Les aventures de Marco Polo, relatées dans le fameux Livre des Merveilles, font partie de la culture populaire, autant par l'exotisme (Marco Polo découvre l'empire sino-mongol de Kubilai Khan) que par le côté fantastique, voire fantaisiste, de ses découvertes. Il évoque ainsi des licornes, bien que cela pourrait en fait être des rhinocéros, car ces licornes sont "laides" et ont des pieds "comme des éléphants".
Mais par ailleurs, Marco Polo est avant tout un témoin d'une culture étrangère à l'Europe, et il rapporte ses observations dans divers domaines, y compris techniques.
Le papier-monnaie
L'une des inventions chinoises qu'il rapporte en Occident est le papier-monnaie, présent en Chine dès le Xe siècle et inconnus en Europe avant le retour de Marco Polo.
Le billet de banque semble si ordinaire aujourd'hui qu'on oublie qu'il s'agit d'une authentique invention technique, substitution aux pièces en métaux précieux qui pouvaient être facilement volés aux négociants en thé chinois de la dynastie Song.
Remplacer un objet physique de valeur par un morceau de papier n'est, quand on y songe, pas si anodin. Il faut en effet créer un système permettant d'abstraire la valeur de l'or, de la virtualiser.
On n'est pas très loin du concept informatique des pointeurs, notion technique s'il en est et cauchemar de bien des informaticiens débutants.

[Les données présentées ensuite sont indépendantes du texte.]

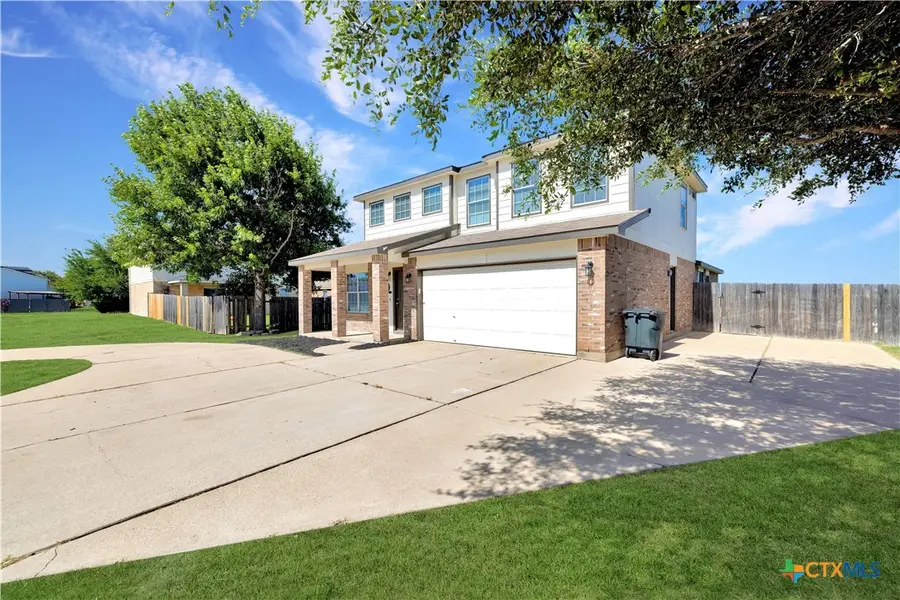 5900 Horne Drive, Killeen, TX 76542 - #2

Par ailleurs, il faut en définir la forme, rendre les billets identifiables comme des objets portant une valeur à la différence de tout autre morceau de papier.
L'observation par Marco Polo des billets chinois a certainement facilité l'introduction du système en Europe, et notamment dans le nord de l'Italie. Pas étonnant que les premiers banquiers d'Europe à la fin du Moyen-Âge soient italiens !

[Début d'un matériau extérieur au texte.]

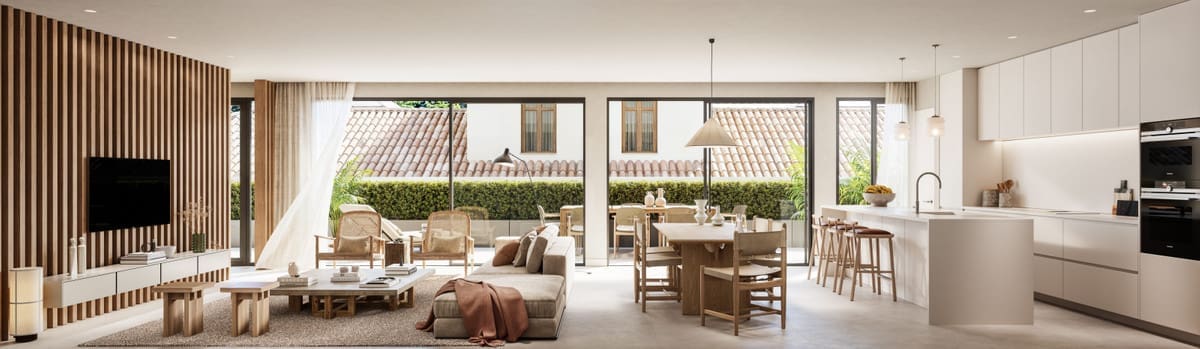 Nieuwbouw in Limonar – R5040505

Charbon, pétrole, amiante, système postal
D'autres découvertes de Marco Polo sont des redécouvertes. On peut ainsi citer le charbon et le pétrole, utilisés pour se chauffer ou cuisiner, l'amiante utilisée comme textile nettoyable par le feu, ou encore le formidable système postal mongol.

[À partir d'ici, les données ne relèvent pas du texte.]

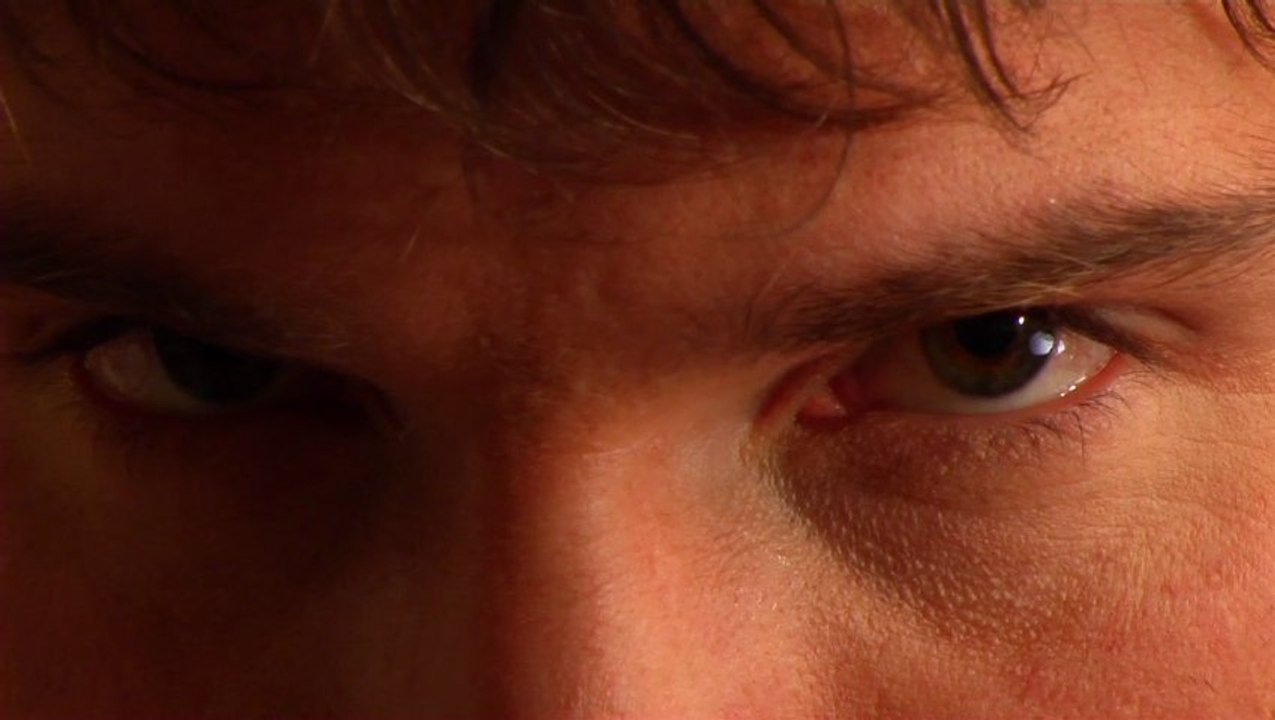 Hello Geekette S1 E07 Duel Manga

Ces techniques ne sont probablement pas véritablement nouvelles pour les Européens, car elles sont citées par des auteurs de l'Antiquité. Toutefois, elles ont disparu en pratique au cours du Moyen-Âge, d'où la nouveauté apparente pour Marco Polo et ses contemporains occidentaux.
On retrouve ainsi l'une des caractéristiques de la médiation technique : une technologie bien connue par certains peut être complètement nouvelle pour d'autres.
Marco Polo joue donc un rôle de médiateur technique entre ceux qui savent (les Chinois) et ceux qui ne savent pas, ou plus. C'est donc un authentique précurseur.
Son influence personnelle sur la technologie européenne est toutefois difficile à évaluer, dans la mesure où sa contribution apparaît grosso modo à la même époque où l'Europe redécouvre les traités de l'Antiquité par les Arabes. Mais on peut finalement considérer que c'est l'un des acteurs de ce qu'on pourrait qualifier anachroniquement d'innovation ouverte médiévale, qui a permis le lancement de cette période faste qu'est la Renaissance.